Despite assurances about operating times and floodlighting committee chairman James Tonkin reminded councillors they could only consider the planning application as it was set out in the agenda papers.
He said: "The information before you says the usage will be until 10pm on a regular basis.
"I believe the residents are entitled to some sort of respite.
"In my opinion there would not have been such a furore over this planning application if the many people with concerns had been consulted before this meeting."
The committee voted to recommended refusal.
This now goes to North Somerset Council central area planning committee which is likely to make a decision on Thursday, March 14.
Padel is a racquet sport played extensively in Spain and Latin America.
It is typically played in doubles on an enclosed court about half the size of a tennis court.
The balls used and the scoring is the same as ordinary tennis, just with a little less pressure.
The biggest difference is that the court has walls and the balls can be played off them in a similar way as in the game of squash.
The sport was invented in Acapulco, Mexico, by Enrique Corcuera in 1969.
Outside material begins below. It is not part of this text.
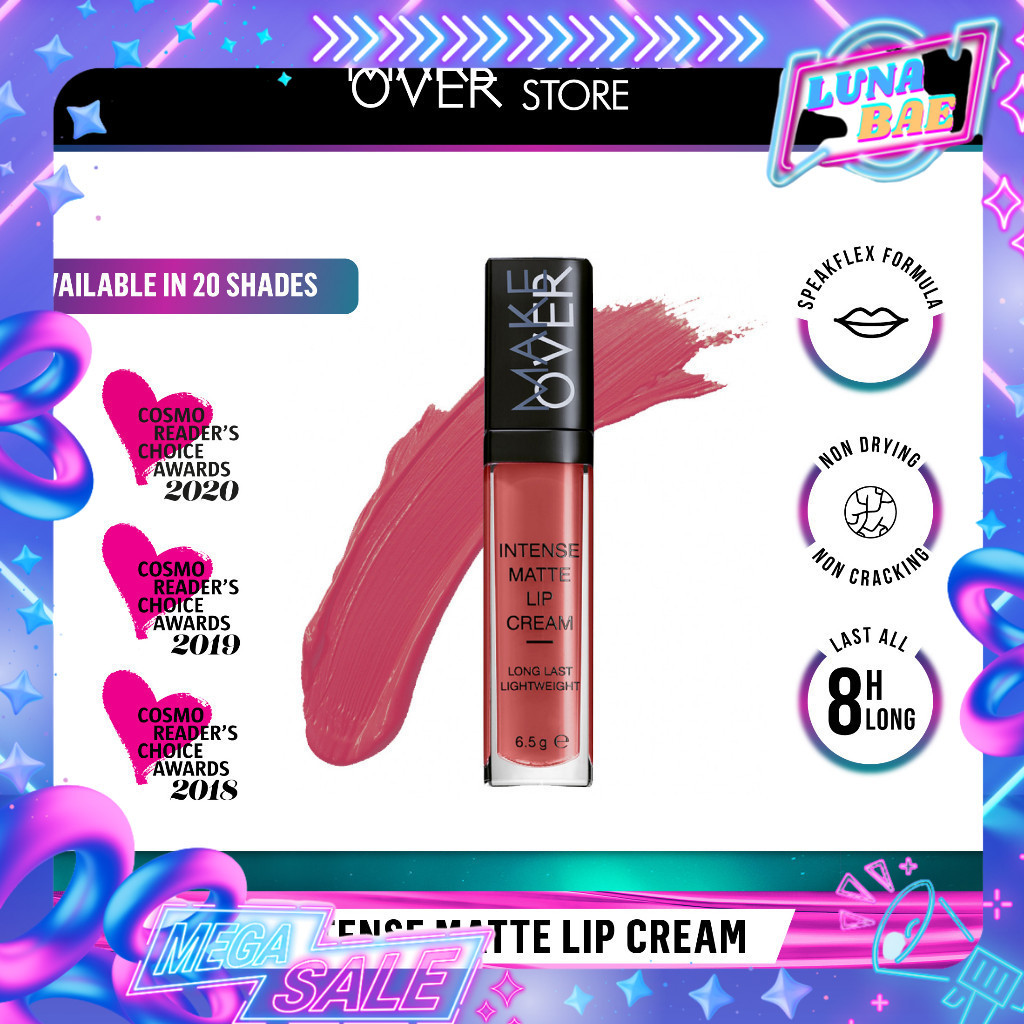 MAKE OVER Intense Matte Lip Cream - Lipstick Lipcream tahan lama hingga 8 jam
The sport's huge popularity along the Costa del Sol in southern Spain has exposed it to a large number of British residents and holidaymakers and this is one of the reasons it is beginning to take off in the UK.
Prior to the committee meeting head teacher David New said; "The glass sides extend to about 2m (6.6ft) from the ground and there is a waterproof canvas canopy to cover the courts in winter.
"This is to protect the players from the rain and it will also block stray light from the courts spilling out."
The school has two multi-use games areas (MUGAs).
One has four tennis courts which double as a netball court and are closest to the footpath behind Ash Hayes Road.
The smaller MUGA which is the subject of the planning application has two tennis courts and an unused basketball court.
Up until the 1980s a swimming pool and sports hall stood on the land.
The swimming pool which was built by the then PTA sprung a leak and the corrugated plastic sheets on the large sports hall blew away in a high wind.
To see the full planning application click HERE.
In June last year a North Somerset Council planning committee opposed increasing the usage of the floodlights by up to 12 hours per week after neighbours complained of glare, excessive noise and swearing from players using the pitch.
The school is requesting a judicial review of the process by which our appeal to extend the operating hours of its all-weather pitch was turned down, confirmed Mr New.
He added: "This is because of acknowledged failures of process by the Local Authority and planning inspector."
The pitch was constructed when the £32 million comprehensive was rebuilt and is currently not open as long as other all-weather pitches at Clevedon and Gordano schools.
An extension of opening hours would have allowed an extra 200 sports people to use the pitch each week.